Pulmonary hypertension is defined clinically as an increase in the pulmonary vascular pressure that is caused by conditions that are associated with an increase in the pulmonary arterial pressure or both the arterial and venous pressure. Hemodynamically, Pulmonary hypertension is defined as an increase in the mean pulmonary arterial pressure (PAP) to > 25 mmHg at rest or > 30 mm Hg during exercise. Pulmonary Arterial Hypertension (PAH) also requires a pulmonary capillary wedge pressure (PCWP) ≤15 mm Hg and a pulmonary vascular resistance (PVR) ≥240 dynes/s/cm 3 .

Previously considered a rare disease, the most recent evidence from a French registry suggests that the prevalence of PAH is about 15 per million.
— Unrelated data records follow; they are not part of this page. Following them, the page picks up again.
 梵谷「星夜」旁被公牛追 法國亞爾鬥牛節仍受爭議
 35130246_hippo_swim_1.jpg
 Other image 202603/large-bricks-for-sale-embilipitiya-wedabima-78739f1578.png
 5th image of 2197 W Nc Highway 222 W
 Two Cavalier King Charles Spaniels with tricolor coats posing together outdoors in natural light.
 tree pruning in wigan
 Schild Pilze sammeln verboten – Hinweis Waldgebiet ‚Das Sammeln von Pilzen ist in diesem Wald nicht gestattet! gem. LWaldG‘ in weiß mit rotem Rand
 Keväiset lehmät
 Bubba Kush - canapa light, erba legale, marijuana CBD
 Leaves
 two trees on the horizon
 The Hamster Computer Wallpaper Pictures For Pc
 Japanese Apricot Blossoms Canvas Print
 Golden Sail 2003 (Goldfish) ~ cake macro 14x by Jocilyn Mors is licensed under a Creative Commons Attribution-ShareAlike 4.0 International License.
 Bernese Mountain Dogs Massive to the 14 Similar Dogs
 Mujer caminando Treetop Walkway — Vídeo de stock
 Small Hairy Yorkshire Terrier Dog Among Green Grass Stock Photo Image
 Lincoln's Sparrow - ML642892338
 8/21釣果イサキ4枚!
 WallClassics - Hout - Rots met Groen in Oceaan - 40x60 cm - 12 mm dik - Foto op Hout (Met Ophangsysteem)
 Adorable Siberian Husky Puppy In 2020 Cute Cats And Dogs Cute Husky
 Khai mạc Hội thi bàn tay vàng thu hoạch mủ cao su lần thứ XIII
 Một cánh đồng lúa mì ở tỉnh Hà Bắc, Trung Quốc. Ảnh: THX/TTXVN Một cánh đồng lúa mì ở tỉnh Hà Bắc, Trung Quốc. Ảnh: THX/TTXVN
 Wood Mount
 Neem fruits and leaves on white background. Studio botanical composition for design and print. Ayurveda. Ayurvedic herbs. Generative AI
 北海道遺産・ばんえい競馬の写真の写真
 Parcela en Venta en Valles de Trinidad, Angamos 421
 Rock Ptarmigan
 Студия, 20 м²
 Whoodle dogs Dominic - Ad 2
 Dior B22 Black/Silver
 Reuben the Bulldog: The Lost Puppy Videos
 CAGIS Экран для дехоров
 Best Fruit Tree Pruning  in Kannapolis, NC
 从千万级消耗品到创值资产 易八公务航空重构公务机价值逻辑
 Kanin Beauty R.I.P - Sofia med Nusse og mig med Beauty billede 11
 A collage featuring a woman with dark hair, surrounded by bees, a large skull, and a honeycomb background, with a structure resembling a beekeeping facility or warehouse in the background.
PAH usually affects women in their 30s and 40s but can also affect others. Due to the non-specific nature of the symptoms, PAH is most frequently diagnosed when patients have reached an advanced stage of disease (WHO Functional Class III and IV), suggesting that the true prevalence may be higher than documented in the literature.

PAH has long been distinguished by a very poor prognosis and a paucity of effective medical therapies. However, the last decade has witnessed significant advances in understanding the pathogenesis of this disorder, and this understanding has translated into the development of a variety of new, more effective medical therapies.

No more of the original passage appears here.